For good or bad, Van Baker is correct that this is the calculation that comes to dominate over time–it’s a matter for funders and audiences to reward or punish it, just as would be the case if the theater committed itself to producing risky, new, challenging work by emerging local artists that it knew it didn’t have a ready paying audience for. So if you want opportunities for emerging artists (as I do; that’s where my prejudice lies), I see no reason to believe that the death of something like the Intiman doesn’t create room for new growth and development. Quite the opposite, new institutions will likely serve the artistic community better, even as they face distinct business challenges.

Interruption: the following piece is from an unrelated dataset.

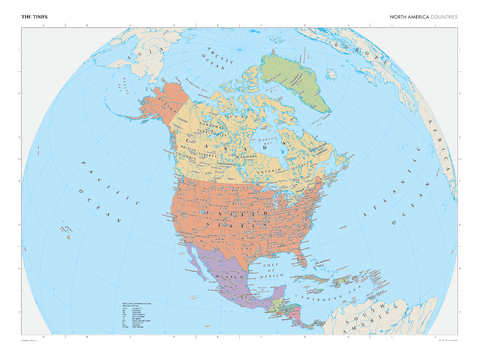 The Times Map of North America (Political Features)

I do not remotely believe that arts organizations should try to be more “business-like” by learning from the private sector, nor do I think private partnerships (as has been suggested elsewhere) can save the arts (without further mediating artistic experiences for short-term business ends). But I do think creative destruction can be beneficial to the arts. Again, the institution is not the same as the artists or their products; the institution exists to facilitate the art. This isn’t to suggest we should never try to save institutions–to look at the rest of Kiley’s examples, Giant Magnet and Consolidated Works were both destroyed by the needless termination of a visionary director, which left the organizations floundering, while Empty Space’s board rushed to liquidate following a far more minor financial crisis.

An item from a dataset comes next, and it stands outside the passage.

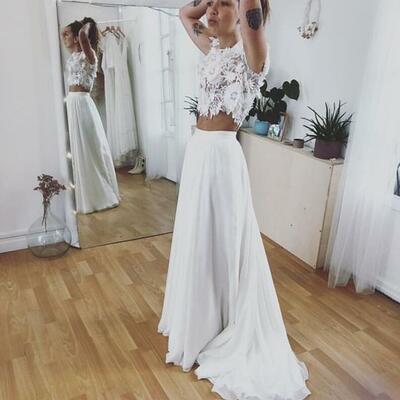 Two pieces lace bodice wedding dress, chiffon bridal dress wedding gown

Those are all very different circumstances, and from those we can be judicious in asking whether it was their time or whether they had more to offer. For three of them, compelling evidence exists that they could have gone on; for the Intiman, I see no such information. And lest anyone be mistaken about what’s going on, there’s still a good chance that the Intiman will come back. That’s a shocking injustice and, if achieved, a ridiculous misuse of limited arts dollars, as I’ve already tried to explain. The Intiman should have been allowed to pass, its bitter, not yet set-in-stone eulogy a swansong of success. Instead, nostalgia and attachment to a history that will cost a fortune to maintain are keeping some, misguided hope alive for a burnt-out theater. In an interview for the story, Kiley comes across this very concept:
Richard Linzer is a consultant who has worked with dozens of nonprofits across the country: On the Boards, City University of New York, Empty Space Theatre, Folklife, Stanford University, etc. He and I talked for a few hours about nonprofit theater, but we only got really animated when comparing notes on shows we’d both seen. ‘See there?’ he said. ‘See how excited we just got when talking about performances? In the nonprofit sector, we tend not to want to be cold and rational. We don’t want to look at the cost of raising a dollar or borrowing a dollar or getting involved with appreciation and amortization. It’s the red meat that we love—the dancers and singers. For the audience, that’s why we go. But for the board, it’s a different thing.’
Precisely. The Intiman created many such moments for people, but at too high a cost to preserve indefinitely.